Francisco Martins Rodrigues
Segunda carta ao MLP – 2
- Luta interna no Partido
Manifestam na vossa carta preocupações quanto à nossa crítica à concepção do partido “monolítico”. Não temos dúvidas de que é uma questão vital, que precisa de um exame ponderado no espírito do leninismo e sem quaisquer concessões à social-democracia, ao trotskismo e ao anarquismo. Gostaríamos de conhecer materiais vossos sobre o assunto.
Resumidamente, dir-vos-emos que nos parece haver um abismo entre as posições expressas-por Lenine acerca da unidade e da luta interna noz partido, antes e depois da tomada do poder, e aquelas que a partir dos anos 30 foram divulgadas e postas em prática, em nome do leninismo, por Staline e pela IC. Pensamos que, ao recusar-se a reconhecer esse abismo (nesta como noutras questões) a corrente ML tomou como herança os erros e desvios e não o leninismo.

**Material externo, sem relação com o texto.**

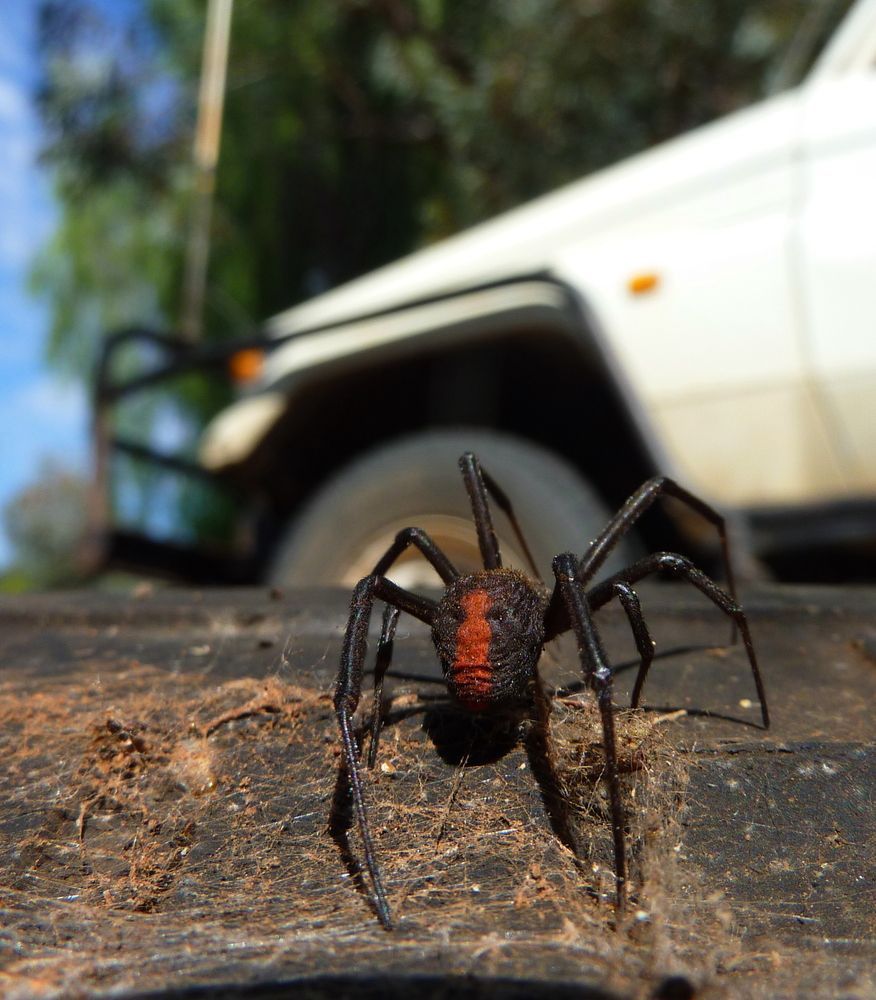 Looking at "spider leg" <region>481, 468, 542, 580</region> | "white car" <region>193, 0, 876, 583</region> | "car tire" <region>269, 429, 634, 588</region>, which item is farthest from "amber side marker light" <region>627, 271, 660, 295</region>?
"spider leg" <region>481, 468, 542, 580</region>

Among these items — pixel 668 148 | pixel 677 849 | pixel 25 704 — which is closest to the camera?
pixel 677 849

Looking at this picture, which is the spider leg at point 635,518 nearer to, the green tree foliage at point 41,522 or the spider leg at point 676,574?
the spider leg at point 676,574

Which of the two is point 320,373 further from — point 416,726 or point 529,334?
point 416,726

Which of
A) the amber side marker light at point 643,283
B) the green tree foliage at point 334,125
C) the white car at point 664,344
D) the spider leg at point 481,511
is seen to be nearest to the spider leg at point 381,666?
the spider leg at point 481,511

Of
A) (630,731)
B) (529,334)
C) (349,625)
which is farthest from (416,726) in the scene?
(529,334)

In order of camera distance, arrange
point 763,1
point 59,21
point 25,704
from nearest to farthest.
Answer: point 25,704
point 763,1
point 59,21

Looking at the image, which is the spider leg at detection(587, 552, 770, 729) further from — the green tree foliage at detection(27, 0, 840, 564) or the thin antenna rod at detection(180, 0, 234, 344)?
the green tree foliage at detection(27, 0, 840, 564) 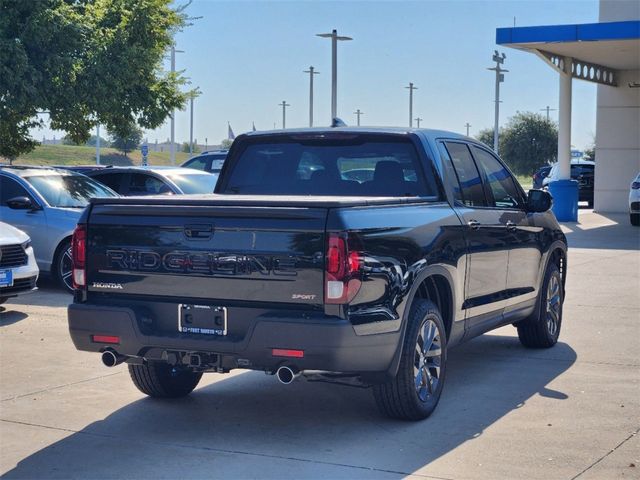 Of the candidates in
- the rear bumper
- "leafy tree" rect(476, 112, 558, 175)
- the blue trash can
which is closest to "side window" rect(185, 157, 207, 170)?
the blue trash can

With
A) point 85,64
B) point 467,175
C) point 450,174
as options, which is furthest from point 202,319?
point 85,64

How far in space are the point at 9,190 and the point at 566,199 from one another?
59.6 ft

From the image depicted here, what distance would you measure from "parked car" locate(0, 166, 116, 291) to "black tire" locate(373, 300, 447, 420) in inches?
280

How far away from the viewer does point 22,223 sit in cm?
1346

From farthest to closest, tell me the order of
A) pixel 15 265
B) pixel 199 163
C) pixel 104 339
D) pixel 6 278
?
1. pixel 199 163
2. pixel 15 265
3. pixel 6 278
4. pixel 104 339

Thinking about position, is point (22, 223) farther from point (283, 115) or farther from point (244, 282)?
point (283, 115)

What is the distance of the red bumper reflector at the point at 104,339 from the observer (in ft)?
21.0

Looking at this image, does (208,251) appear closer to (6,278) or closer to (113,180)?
(6,278)

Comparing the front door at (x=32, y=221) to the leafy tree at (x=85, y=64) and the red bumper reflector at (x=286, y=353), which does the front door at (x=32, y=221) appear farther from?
the red bumper reflector at (x=286, y=353)

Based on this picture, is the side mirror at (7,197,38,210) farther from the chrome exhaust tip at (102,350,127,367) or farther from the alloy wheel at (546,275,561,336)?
the chrome exhaust tip at (102,350,127,367)

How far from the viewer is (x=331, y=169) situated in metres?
7.74

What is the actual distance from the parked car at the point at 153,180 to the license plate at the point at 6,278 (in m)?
5.03

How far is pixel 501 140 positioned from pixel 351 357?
74494 millimetres

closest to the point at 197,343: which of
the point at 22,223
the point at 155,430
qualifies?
the point at 155,430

Lenine defendeu de facto no “Esquerdismo” uma “centralização absoluta” e uma disciplina “confinando a disciplina militar”. Mas fê-lo em período de guerra civil, quando a conquista do poder surgia como iminente numa série de países e era necessário romper com a tradição social-democrata da maioria dos novos partidos comunistas. Essa opinião de Lenine não abarca de forma nenhuma o conjunto das suas ideias acerca da vida interna do Partido.
Temos vindo a fazer uma recolha de textos de Lenine sobre o assunto e o debate que até agora travámos levou-nos à conclusão de que a concepção moderna do partido “monolítico” (isto é, não apenas unido em torno de um centro único mas feito de um só bloco e sem espaço para pontos de vista divergentes) surgiu paralelamente à penetração do oportunismo no movimento comunista e é uma expressão desse oportunismo.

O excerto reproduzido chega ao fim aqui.